Exercise objective: Only the lines from the one bearing "Walker Products Oxygen Sensor 350-35142" through the end of the entries should be output, exactly as they stand, and pictures should be skipped.

Crawled caption data
★ ★ ★ ★

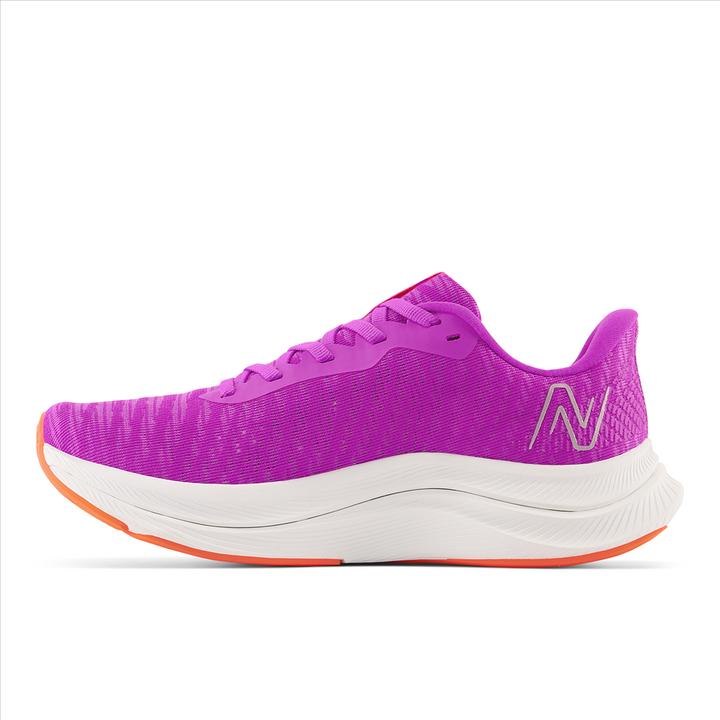 Produktbild New Balance WFCPRLP4 Fuel Cell Propel v4 (40.5)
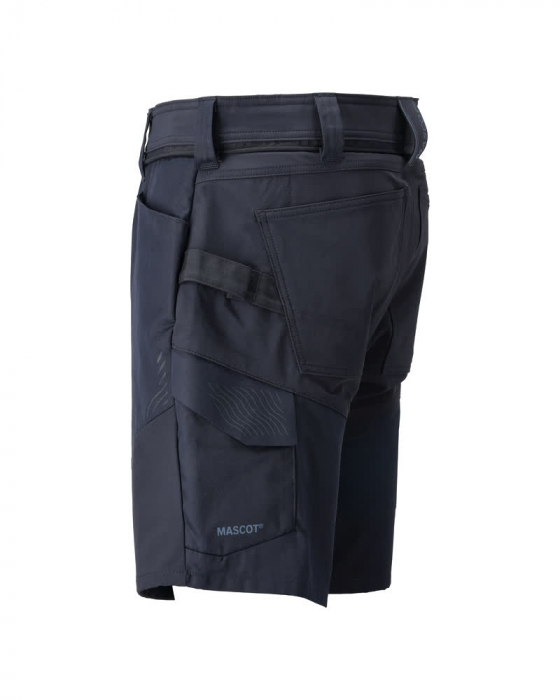 Pantaloni scurti barbati MASCOT® Customized [8]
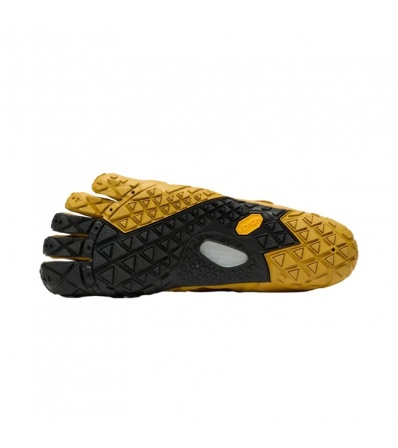 Vibram Five Fingers Trailope W's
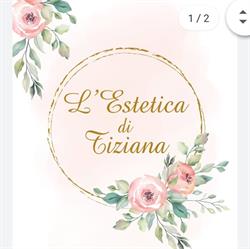 L'estetica di Tiziana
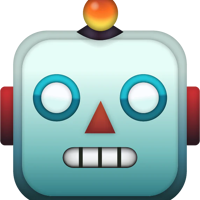 Token Scanner Bot's profile picture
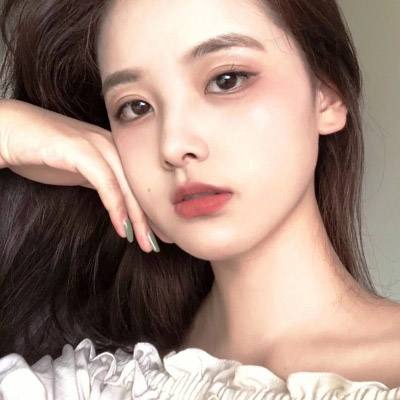 宝威体育官网手机app下载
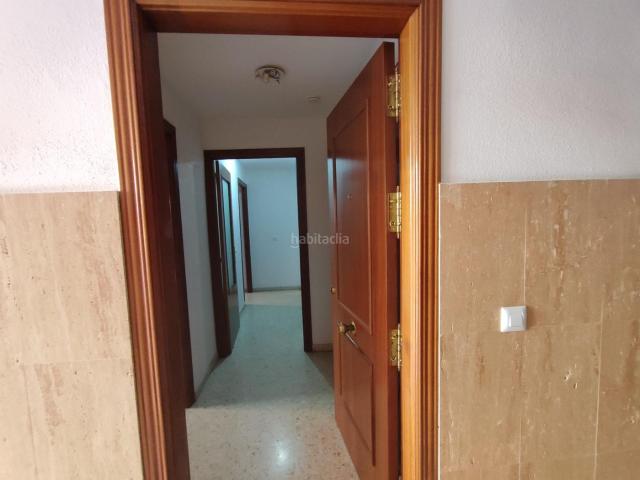 Piso en venta en Dos Hermanas, Arco Norte Avda España. PISO VPO EN DOS HERMANAS. Pisos Dos.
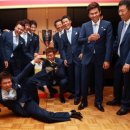 한일골프장 이미지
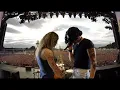 Download Lagu Sita Messer - Wellensittich (LIVE at Coachella 2021) feat. Meo Wulf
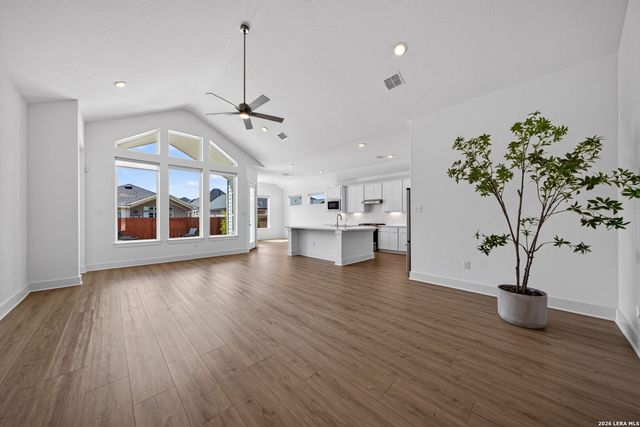 9420 Mattock, San Antonio, TX 78254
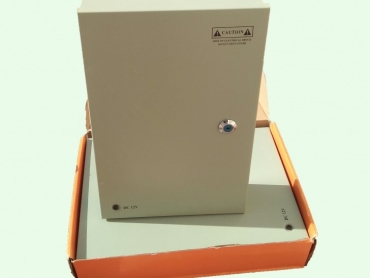bloc-d-alimentation-12v-15a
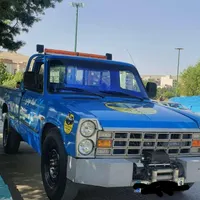 امدادخودرو چرخگیر یدک کش و خودروبر|خدمات حمل و نقل|کرمانشاه, |دیوار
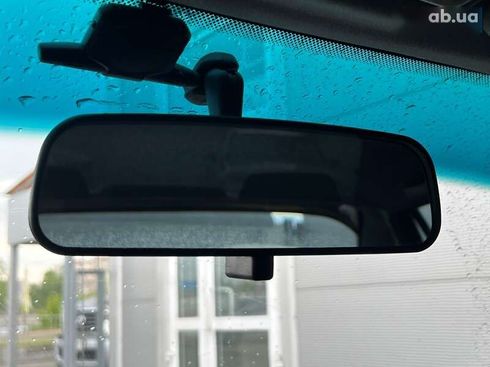 Daewoo Nexia 2012 - фото 24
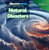 Natural Disasters - 9781641904216 by Theia Lake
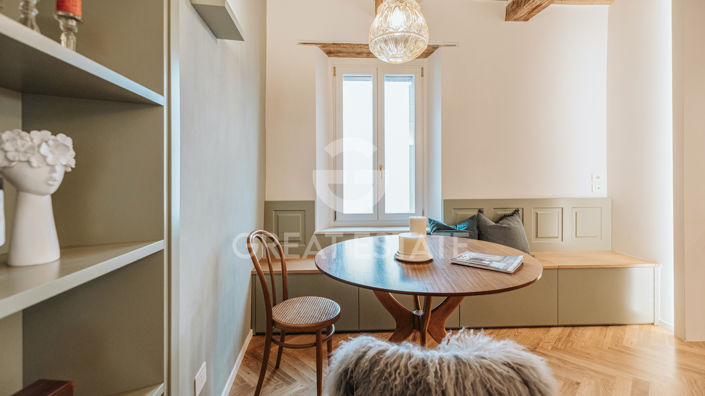 Image No.4-2 Bed Property for sale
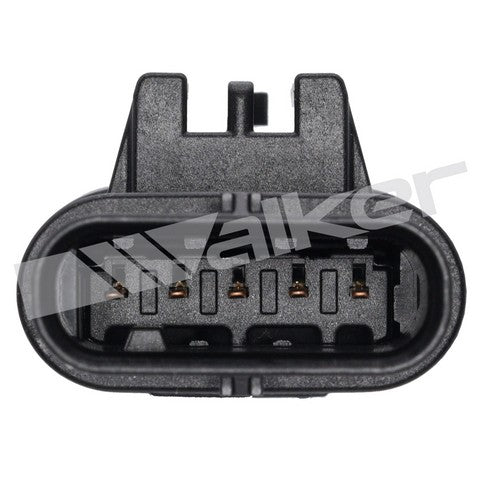 Walker Products Oxygen Sensor 350-35142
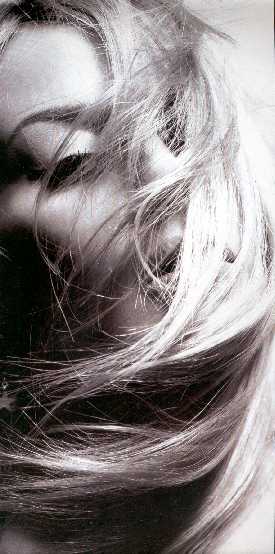 KYLIE MINOGUE CALENDARIO 2005. VERSION REDUCIDA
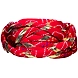 S H A H I T A J Traditional Rajasthani Synthetic Adjustable Vantma or Barmeri Holi Pagdi Safa or Turban Multi-Colored for Kids and Adults (RT03)-ST81_20-sm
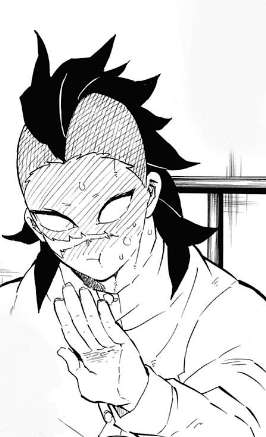 【定期】鬼滅の刃で彼氏にしたいキャラPart13【妄想】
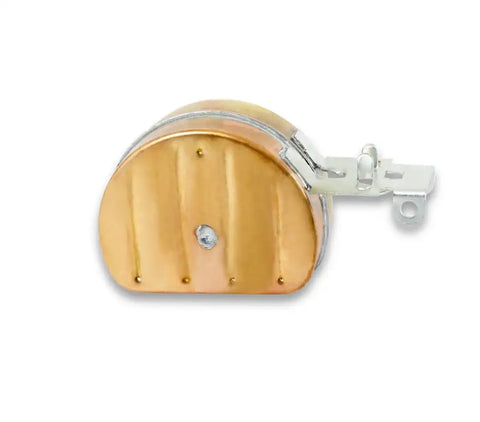 HOLLEY 116-4 116-4 FLOAT SIDE BRAS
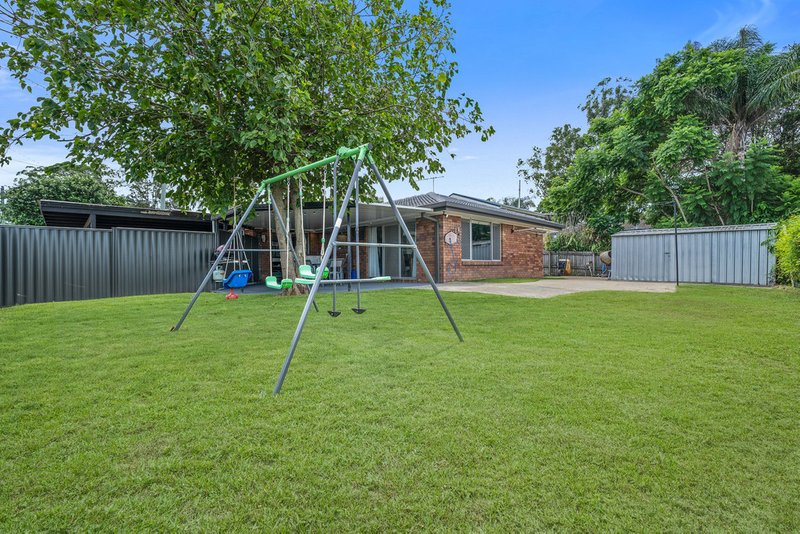 Photo - 35 Winnetts Road, Daisy Hill QLD 4127 - Image 11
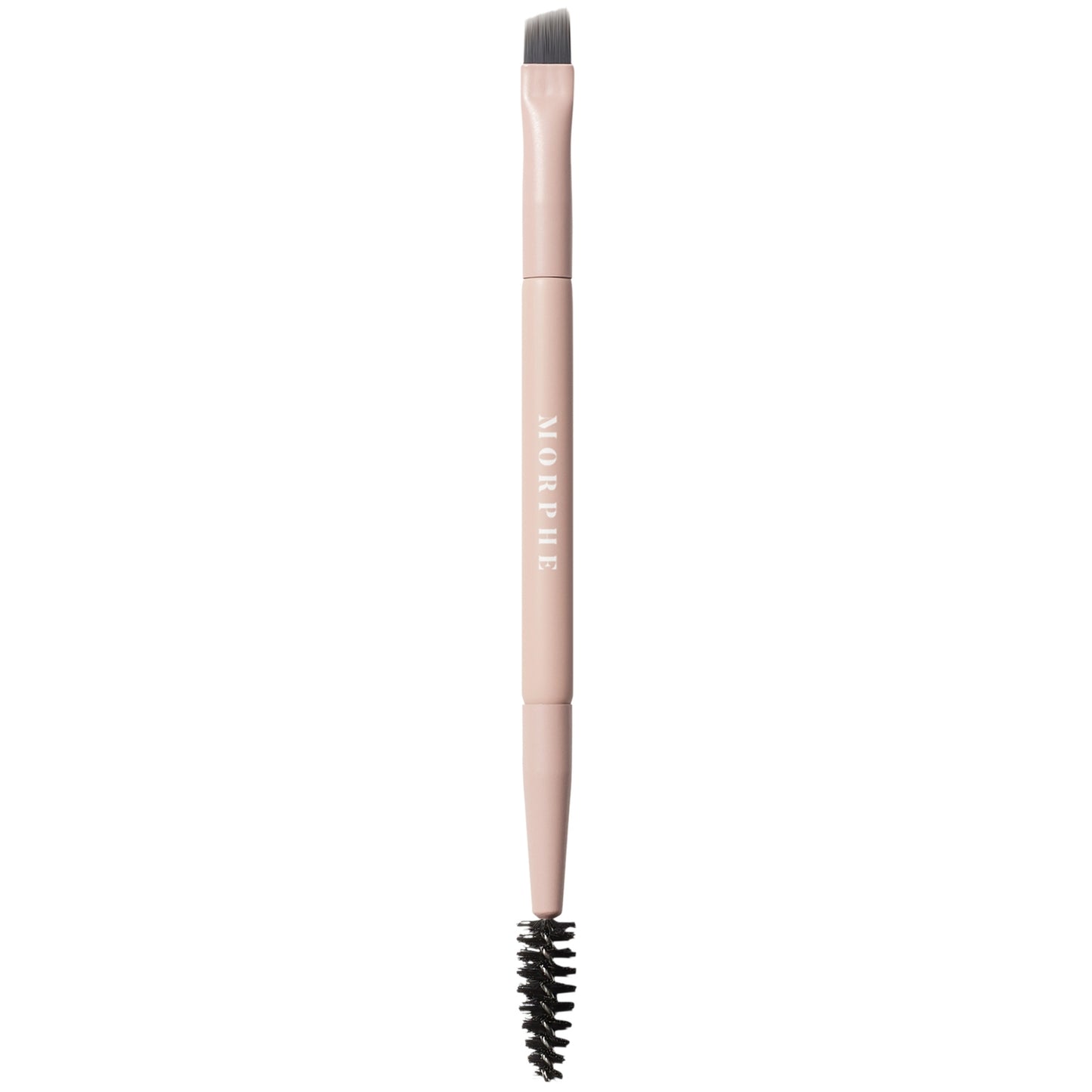 Morphe Travel Shaping Essentials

★ ★ ★ ★

Written solution:
 Walker Products Oxygen Sensor 350-35142
 KYLIE MINOGUE CALENDARIO 2005. VERSION REDUCIDA
 S H A H I T A J Traditional Rajasthani Synthetic Adjustable Vantma or Barmeri Holi Pagdi Safa or Turban Multi-Colored for Kids and Adults (RT03)-ST81_20-sm
 【定期】鬼滅の刃で彼氏にしたいキャラPart13【妄想】
 HOLLEY 116-4 116-4 FLOAT SIDE BRAS
 Photo - 35 Winnetts Road, Daisy Hill QLD 4127 - Image 11
 Morphe Travel Shaping Essentials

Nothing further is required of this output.